I learned something when I spent a week at Fort Ticonderoga in Upstate New York, a few years ago, that I can share with you. Upon examining 17th and 18th century cannon at the fort alongside one of the costumed docents, I discovered that I did not know what point-blank means. For years, I have heard it heralded about on cop shows: “The victim was shot at point-blank range.” “The president was shot from point-blank range.” “They were shooting at each other at point-blank range.” I just thought it meant close, but there is a more distinct definition for the term. |
The docent informed me that from the fort walls, one of the cannon used could fire on almost any point of the two lakes or on any visible location of Fort Defiance at point-blank range. That shattered any idea of what the term meant for me since that seemed like long distances. I needed to find out a definition for a term I thought I already knew.
The term-blank dates all the way back to the 1500s. It probably comes from the French phrase, meaning “pointed at white”: Pointé a blanc (Pardon my French.).
It may have referred to the center of a target, which was likely a small white aiming spot. The term literally refers to the distance a bullet (or a cannon ball) can travel before gravity begins to pull it down. Point-blank means a gun can aim directly at a target without compensating for gravitational pull.
Sometimes we hear a verse of the Bible without really thinking about it. Sometimes we read a verse more often than other verses, and we fail to pause to really think about it. Romans 3:23 is one of those verses. We hear it quoted all the time, but how many of you think of it in regards to shooting a target? It says that all of us have sinned, and then it says we also all fall short of the glory of God. Friends, our target is Heaven; our goal is to spend eternity with Almighty God. Yet, we fall short of that target. As humans, we do not shoot at that target within point-blank range; only perfection gets us to the bull’s eye.
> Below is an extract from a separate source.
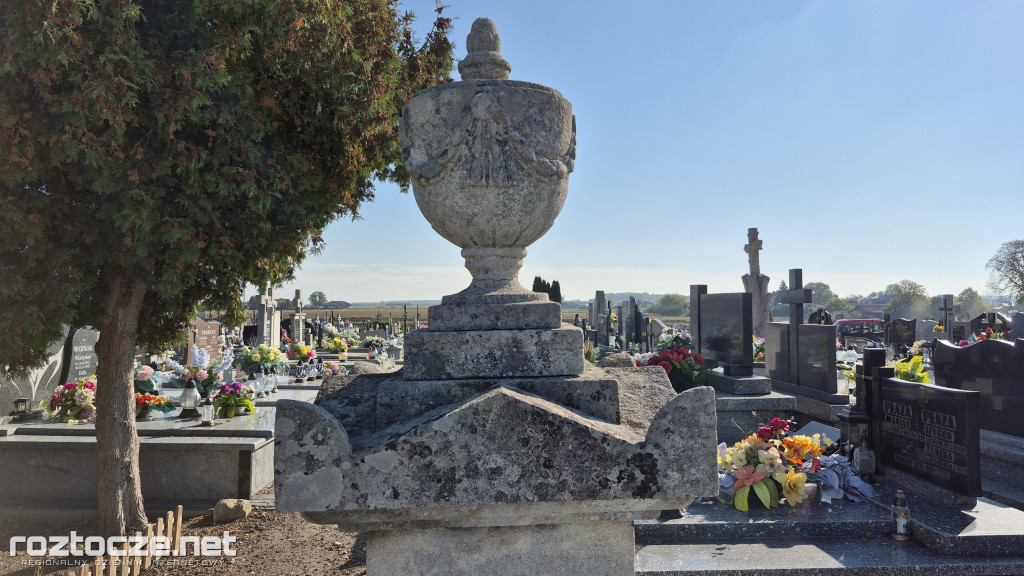 IV kwesta na Cmentarzu Parafialnym w Łabuniach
All of us land short. We are pulled to the ground before get to the glory of God. We’re pulled by pressures and stresses. We’re pulled down by the company we keep. We’re pulled down by habits and addictions. We’re pulled down by aches fatigues. We’re constantly being influenced by the media – social, unsocial, mainstream. We’re pulled down by the gravity of hearsay and rumor, gossip and slander. If only we could fire our weapon with the assurance of striking the target, but again, only perfection gets us to the bull’s eye.
Thankfully, God understands, and He provides us a little boost. In the illustration, I suppose we could say the Holy Spirit is the aiming mechanism. The Spirit, through the Word of God, aims us at point-blank range toward the Father. We are the arrows – the bullets – who otherwise would fall short, but we achieve perfection when we are aimed at the target through His Son Jesus.